(The problem):
Would you please return the data below verbatim, without its pictures?

--- START ---

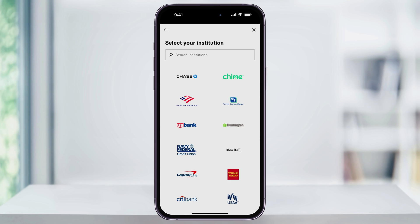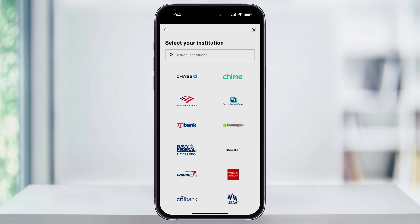After that, choose your bank account from the list. If you don't see it right away, you can also use the search bar at the top to search and find it. Then follow through the steps to log in to your individual bank account. Each one's going to be a little bit different, and you'll need to have your login info from your online banking to do this part.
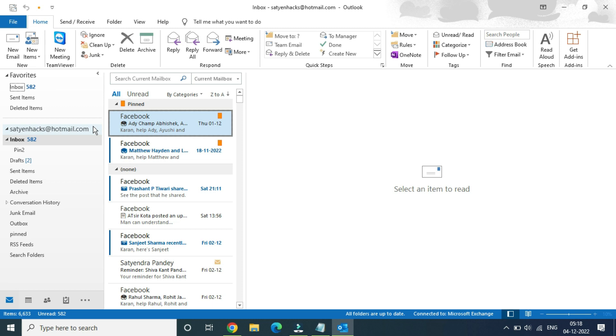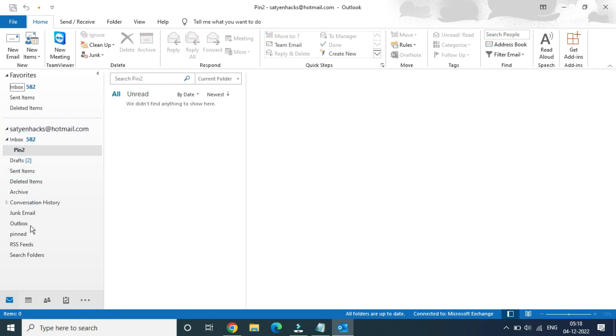There are some folders that you can't delete. However, you can delete folders that you have created. As you can see, this Pin 2 and this other pinned folder were both created by me, so I can actually go and delete them easily.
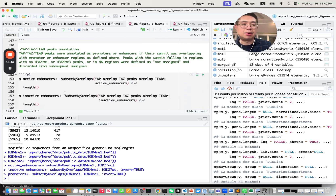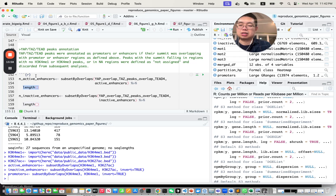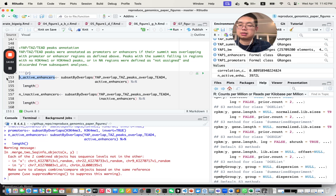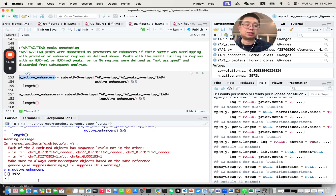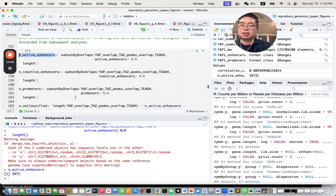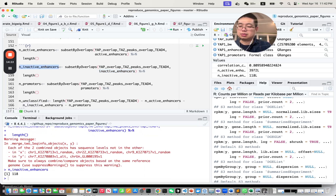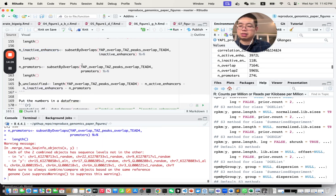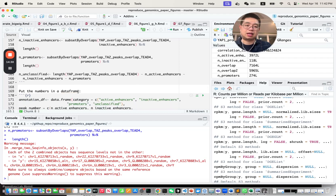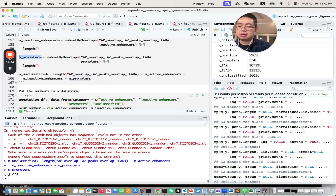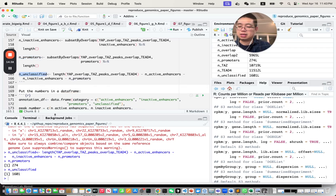Now we get the numbers. For active enhancers, we use subsetByOverlaps — those that have both marks are active enhancers. If you have H3K4 monomethylation but not H3K27 acetylation, those are inactive enhancers. Promoters are H3K4 trimethylation not overlapping with H3K4 monomethylation. After checking the lengths: almost 4,000 active enhancers, 118 promoters, 274 inactive enhancers, and about 1,600 unclassified.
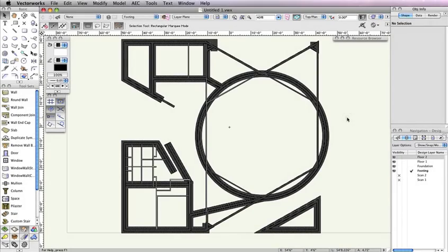Now that we have all our walls in place, it's time to create the roof for our building. As we've done with the other floors, we need to create a separate design layer for the roof.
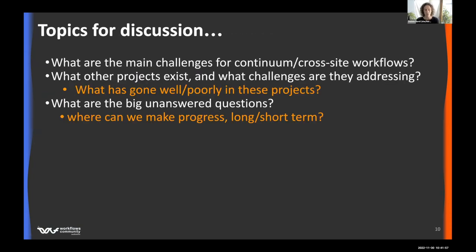The topics we want to cover: we want to talk about these challenges — what's really difficult, what people see as the main challenges. What projects exist? Some are taking a holistic approach, some are tackling individual challenges. We want to learn what's gone well, what's gone poorly, identify the big unanswered questions, where we can focus effort to make progress, and what our priorities should be.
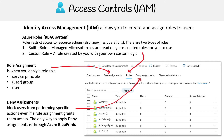Then you have deny assignment. These block users from performing specific actions, even if a role assignment grants them access. The only way to apply a deny assignment is through Azure Blueprint. This is for setting up guardrails to make sure that certain things are never used, regardless of what role is applied.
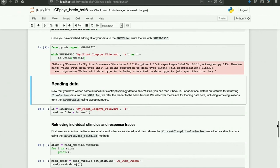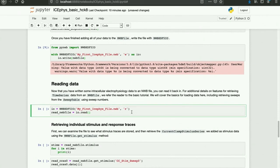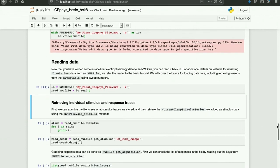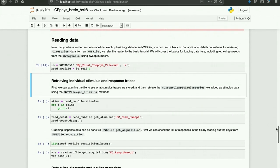We've created an NWBFile and now we can read it back in to show how to retrieve intracellular recording data in PyNWB. For additional features you can use to load data from NWBFiles, you should also have a look at the basic tutorials for extracellular electrophysiology and optical physiology. So first I'm going to read the file in. Now we can examine the file to see what stimulus traces are contained using NWBFile.stimulus. We can print out the names of the stimuli that were stored and then load the data from our selected stimulus trace using the NWBFile.getStimulus method.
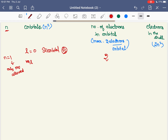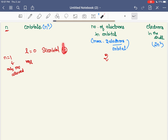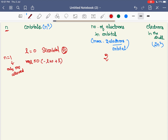The third quantum number is the magnetic quantum number, mL. It describes the orientation of the orbital along an axis. The value of mL ranges from negative L to positive L. For L equal to 0 (s orbital), mL is equal to 0 — so there is only one orientation.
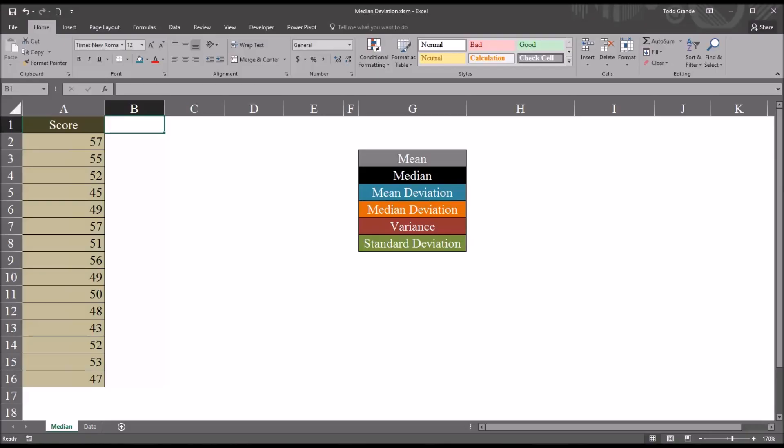Hello, this is Dr. Grande. Welcome to my video on calculating the median deviation using Microsoft Excel.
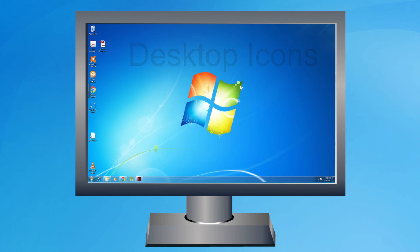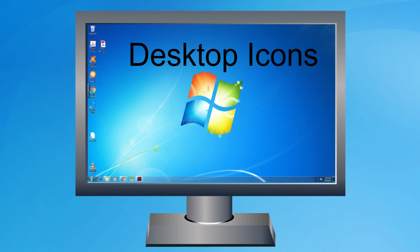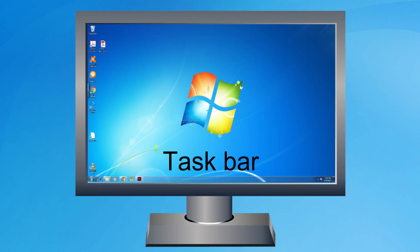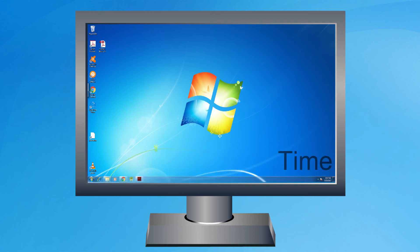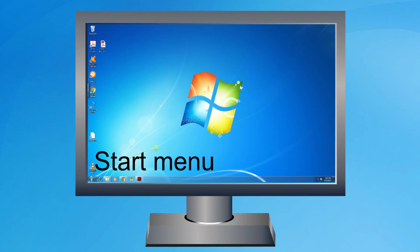Desktop icon. Taskbar. Timer. Start menu.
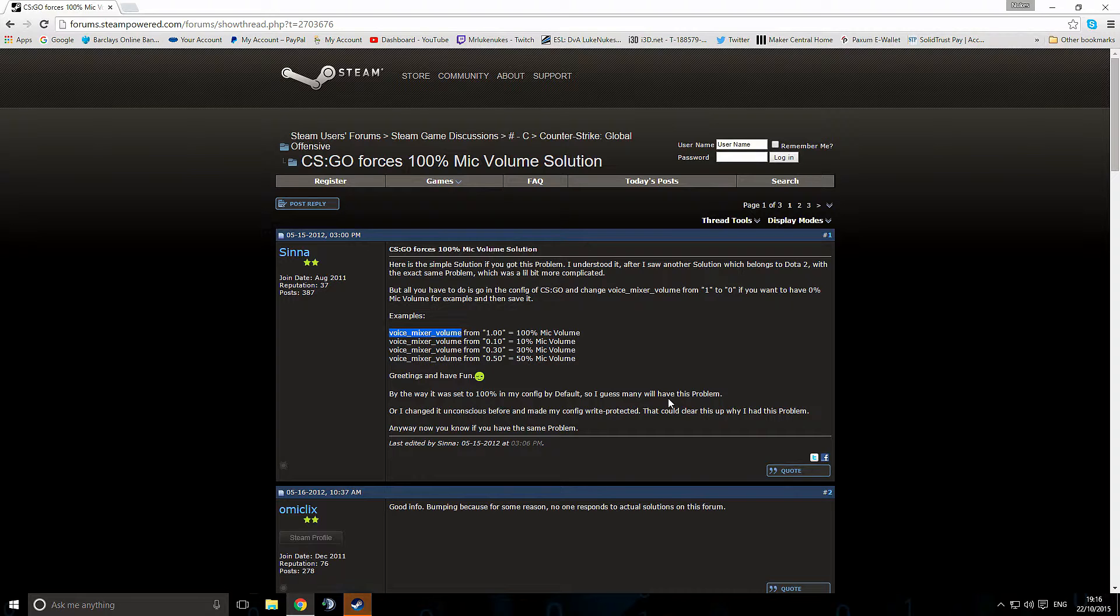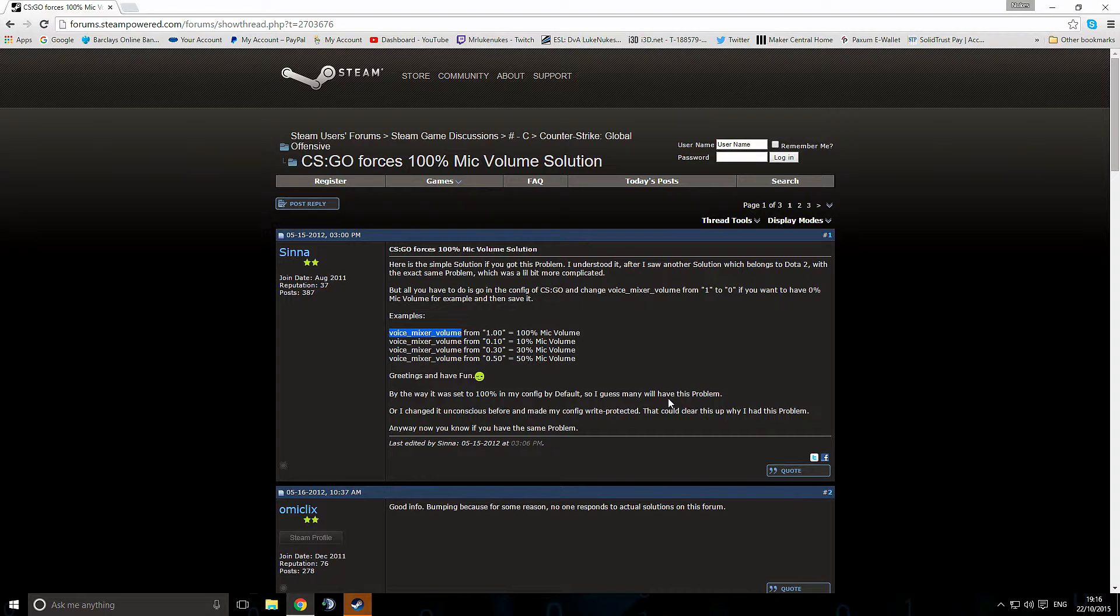if you are struggling with the issue of your microphone resetting itself every single time you open CSGO and it bumping up to 100% or even something different to what you want it to be constantly and you've tried everything to get rid of it, then this could be your solution and probably is your solution.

--- END ---

(Problem solution):
After that, choose your bank account from the list. If you don't see it right away, you can also use the search bar at the top to search and find it. Then follow through the steps to log in to your individual bank account. Each one's going to be a little bit different, and you'll need to have your login info from your online banking to do this part.
There are some folders that you can't delete. However, you can delete folders that you have created. As you can see, this Pin 2 and this other pinned folder were both created by me, so I can actually go and delete them easily.
Now we get the numbers. For active enhancers, we use subsetByOverlaps — those that have both marks are active enhancers. If you have H3K4 monomethylation but not H3K27 acetylation, those are inactive enhancers. Promoters are H3K4 trimethylation not overlapping with H3K4 monomethylation. After checking the lengths: almost 4,000 active enhancers, 118 promoters, 274 inactive enhancers, and about 1,600 unclassified.
Now that we have all our walls in place, it's time to create the roof for our building. As we've done with the other floors, we need to create a separate design layer for the roof.
The topics we want to cover: we want to talk about these challenges — what's really difficult, what people see as the main challenges. What projects exist? Some are taking a holistic approach, some are tackling individual challenges. We want to learn what's gone well, what's gone poorly, identify the big unanswered questions, where we can focus effort to make progress, and what our priorities should be.
Then you have deny assignment. These block users from performing specific actions, even if a role assignment grants them access. The only way to apply a deny assignment is through Azure Blueprint. This is for setting up guardrails to make sure that certain things are never used, regardless of what role is applied.
We've created an NWBFile and now we can read it back in to show how to retrieve intracellular recording data in PyNWB. For additional features you can use to load data from NWBFiles, you should also have a look at the basic tutorials for extracellular electrophysiology and optical physiology. So first I'm going to read the file in. Now we can examine the file to see what stimulus traces are contained using NWBFile.stimulus. We can print out the names of the stimuli that were stored and then load the data from our selected stimulus trace using the NWBFile.getStimulus method.
The third quantum number is the magnetic quantum number, mL. It describes the orientation of the orbital along an axis. The value of mL ranges from negative L to positive L. For L equal to 0 (s orbital), mL is equal to 0 — so there is only one orientation.
Hello, this is Dr. Grande. Welcome to my video on calculating the median deviation using Microsoft Excel.
Desktop icon. Taskbar. Timer. Start menu.
if you are struggling with the issue of your microphone resetting itself every single time you open CSGO and it bumping up to 100% or even something different to what you want it to be constantly and you've tried everything to get rid of it, then this could be your solution and probably is your solution.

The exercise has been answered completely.